**TASK GOAL:** Skip the pictures, please, and write out exactly the lines from the opening of the data through the line containing "LED Stenska stopniščna".
○ ○ ○
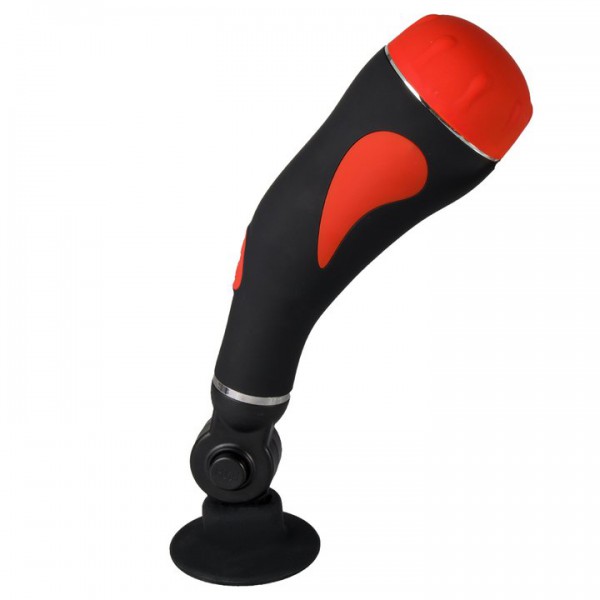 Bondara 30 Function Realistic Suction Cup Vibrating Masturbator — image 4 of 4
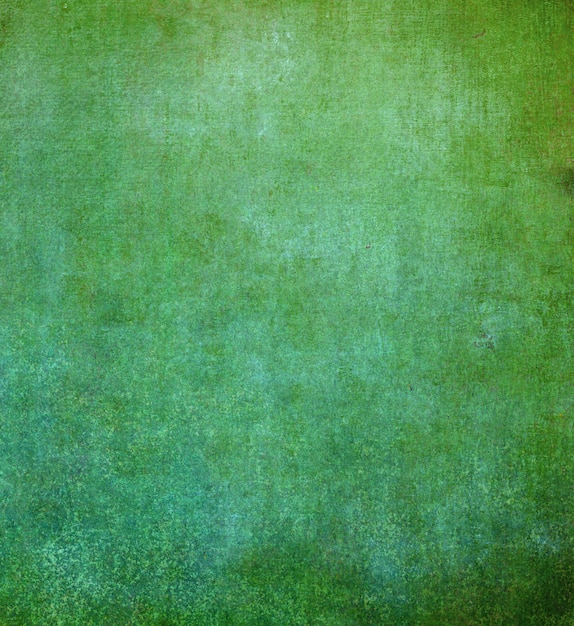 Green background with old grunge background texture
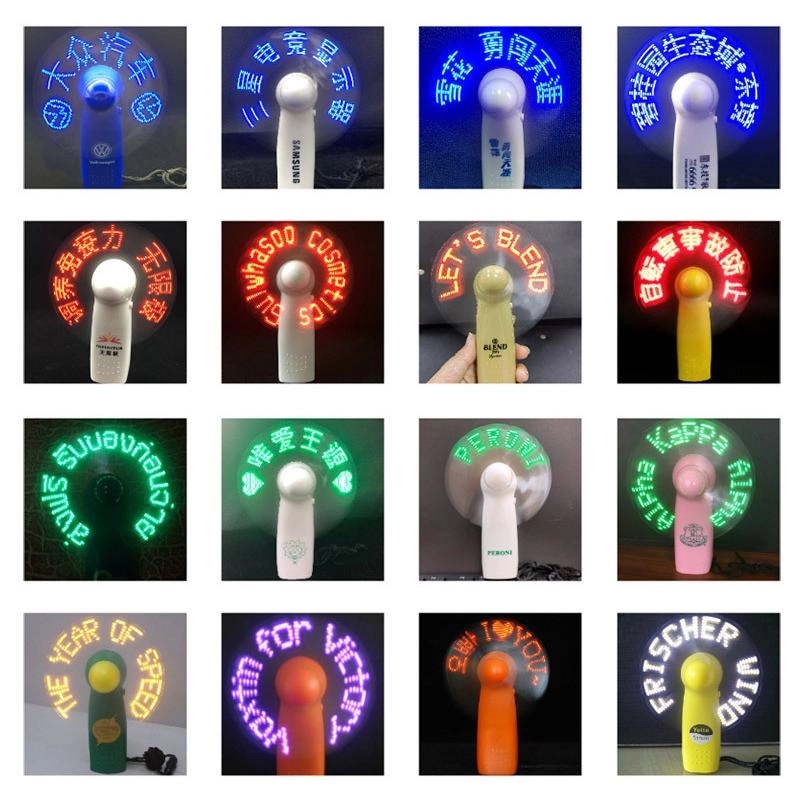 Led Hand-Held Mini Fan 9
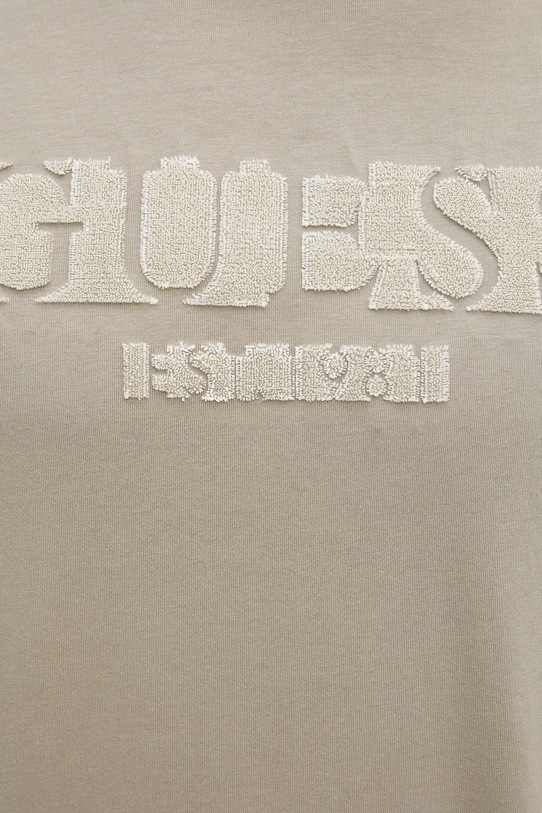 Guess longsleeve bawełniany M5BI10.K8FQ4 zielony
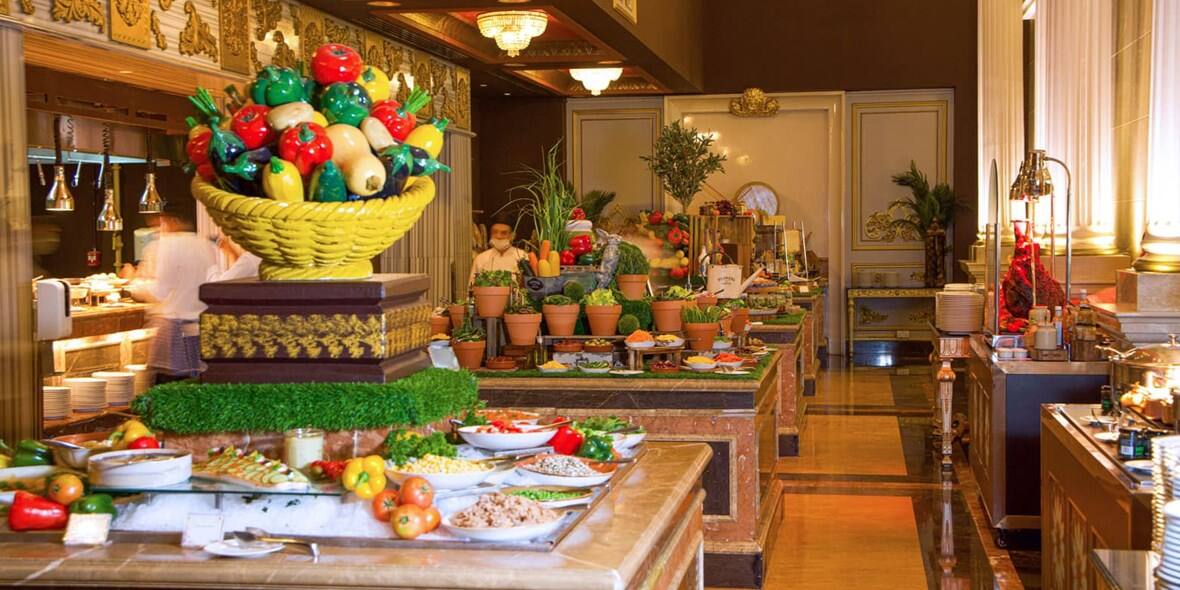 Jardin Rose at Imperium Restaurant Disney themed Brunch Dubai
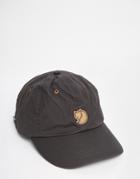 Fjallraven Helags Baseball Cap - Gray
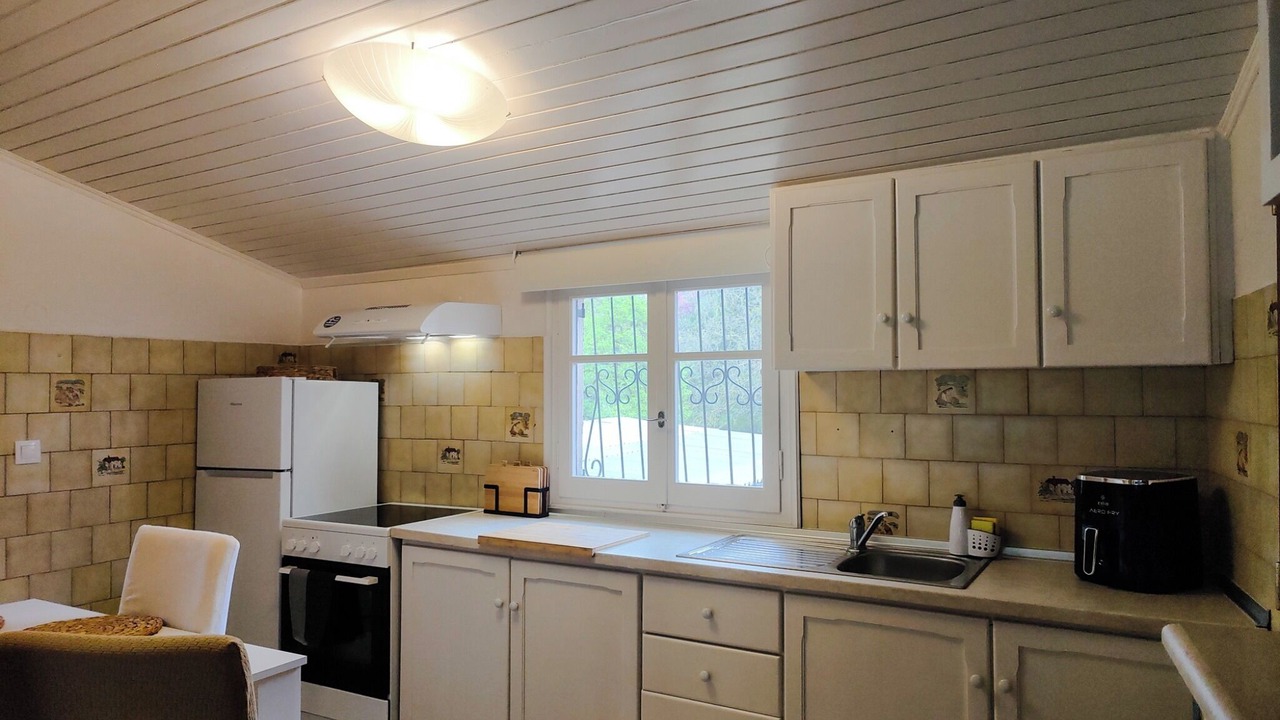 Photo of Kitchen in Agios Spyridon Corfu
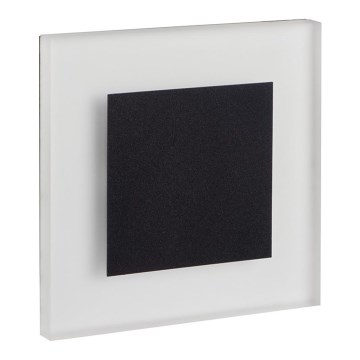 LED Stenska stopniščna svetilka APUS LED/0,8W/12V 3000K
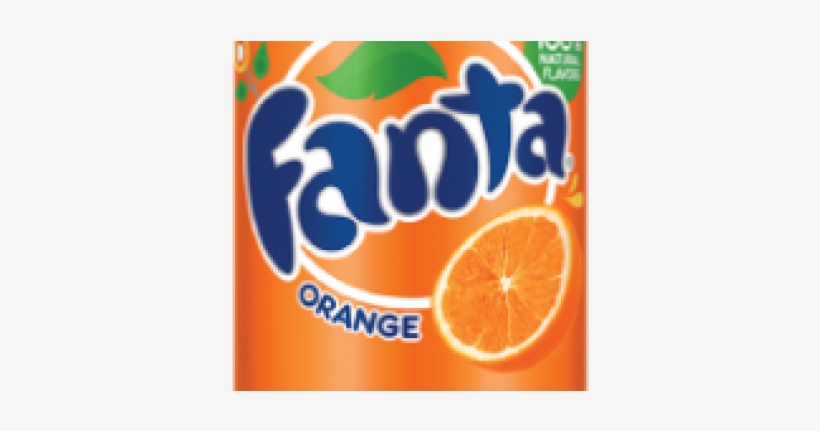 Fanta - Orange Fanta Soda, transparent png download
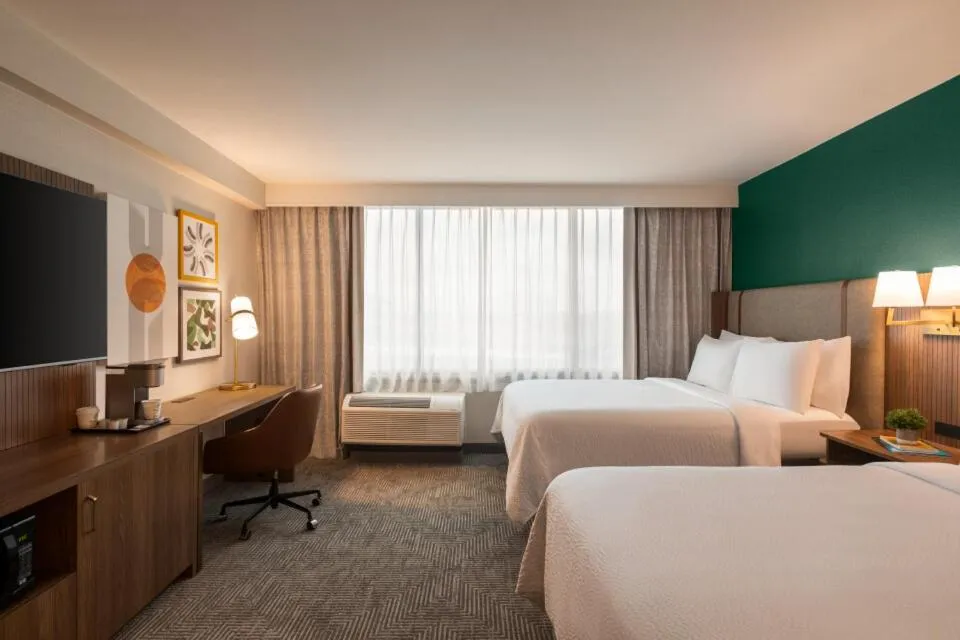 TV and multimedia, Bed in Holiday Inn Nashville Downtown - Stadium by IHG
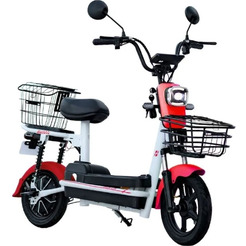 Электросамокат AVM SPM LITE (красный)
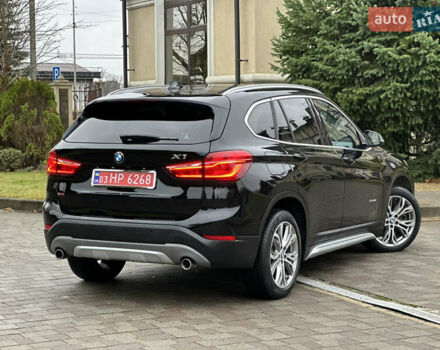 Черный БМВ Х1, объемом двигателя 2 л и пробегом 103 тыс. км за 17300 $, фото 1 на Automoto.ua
○ ○ ○
**TASK ANSWER:**
 Bondara 30 Function Realistic Suction Cup Vibrating Masturbator — image 4 of 4
 Green background with old grunge background texture
 Led Hand-Held Mini Fan 9
 Guess longsleeve bawełniany M5BI10.K8FQ4 zielony
 Jardin Rose at Imperium Restaurant Disney themed Brunch Dubai
 Fjallraven Helags Baseball Cap - Gray
 Photo of Kitchen in Agios Spyridon Corfu
 LED Stenska stopniščna svetilka APUS LED/0,8W/12V 3000K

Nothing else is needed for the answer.